1. Sarah Maddox
  2. Manage unused attachments

Overview

HTTPS SSH

Manage unused attachments

Friendly warning: These scripts are provided "as is" and without any guarantees.

I developed them to solve a specific problem.

I'm sharing them because I hope they will be useful to others too. If you have any improvements to share, please let me know.

Author: Sarah Maddox

Source: manage-unused-attachments

Example use case: How to manage attachment usage in Confluence wiki with some Python scripts

This repo contains five Python scripts that you can use to list all the attachments on a Confluence page, find those that are not referenced in the page content of the space, and then remove them.

Notes:

  • The scripts check for attachments referenced in pages only. Not blog posts, not comments.

  • When getting all attachments of a page, the attachments will include those referenced in comments. If your attachments in comments are important, you should not rely on these scripts to find attachment usage.

  • When running a script that accesses Confluence, you will need to supply a username. The scripts can see only the content that that user has permission to see.

Use the scripts in the following order:

1. getAttachmentCount.py

Optional. Run this script if you want to identify the pages in your Confluence space that have a large number of attachments.

This script gets the number of attachments on each page in a given Confluence space. It outputs a text file containing the page URL and the number of attachments for each page, in descending order of number of attachments.

2. getConfluencePageAttachments.py

This script gets all attachments on a given Confluence page. It puts the list of attachments into a text file, and prints a report of the number of attachments and total file size.

3. wherePageContent.py > getConfluencePageContent.py

The "wherePageContent.py" script is a dummy, which simply tells you where to get "getConfluencePageContent.py". (We need content re-use on Bitbucket!)

The "getConfluencePageContent.py" script is available in another Bitbucket repo.

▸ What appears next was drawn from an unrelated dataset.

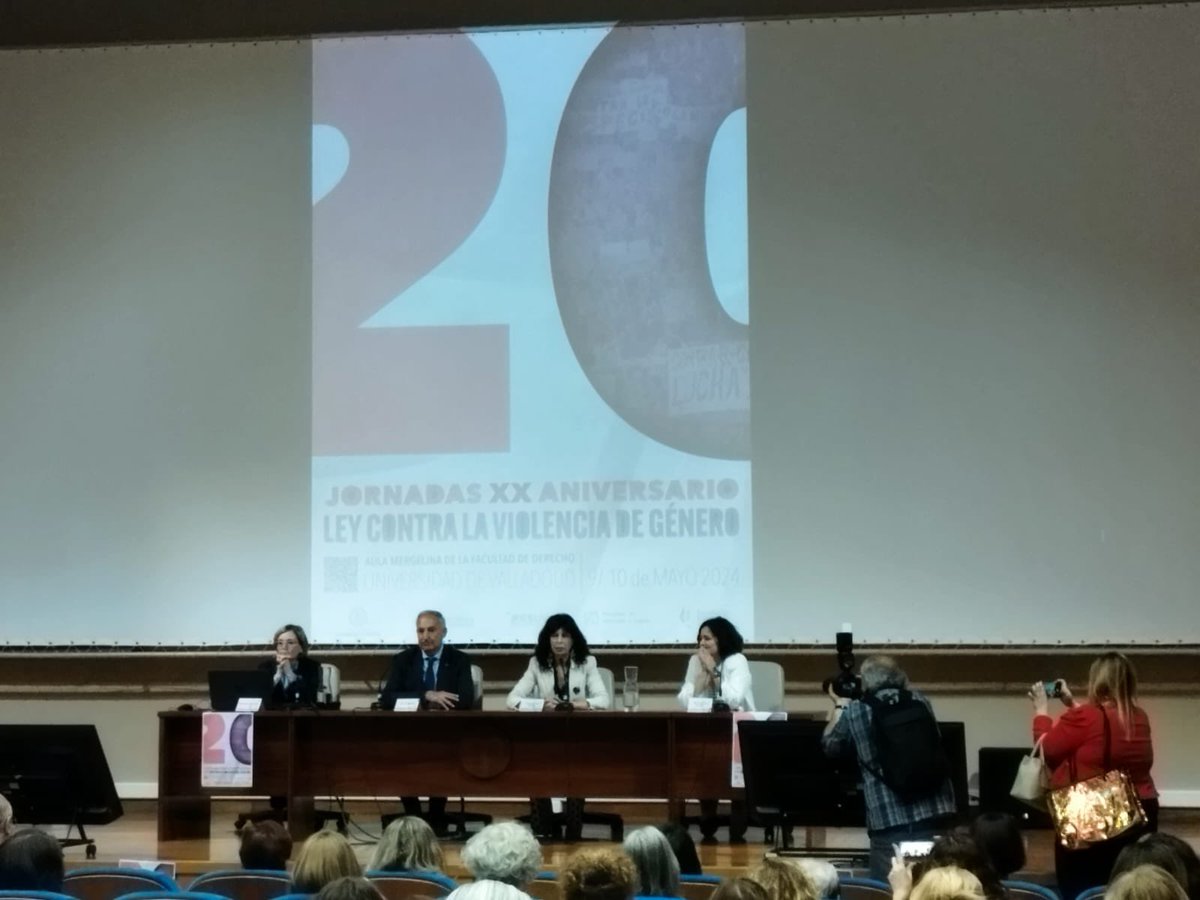 CÁTEDRA DE GÉNERO UNIVERSIDAD DE VALLADOLID tweet media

The script gets the content of all pages in a given Confluence space. It puts the content of each page into a separate text file, in a given directory. The content is in the form of the Confluence "storage format", which is a type of XML consisting of HTML with Confluence-specific elements.

4. findAttachmentUsage.py

This script reads a text file containing attachment file names, matches them against the source of Confluence pages, and produces a report on used and unused attachments.

5. deleteAttachments.py

This script reads a text file containing attachment file names, accepts a Confluence page name, and removes the given attachments from the page.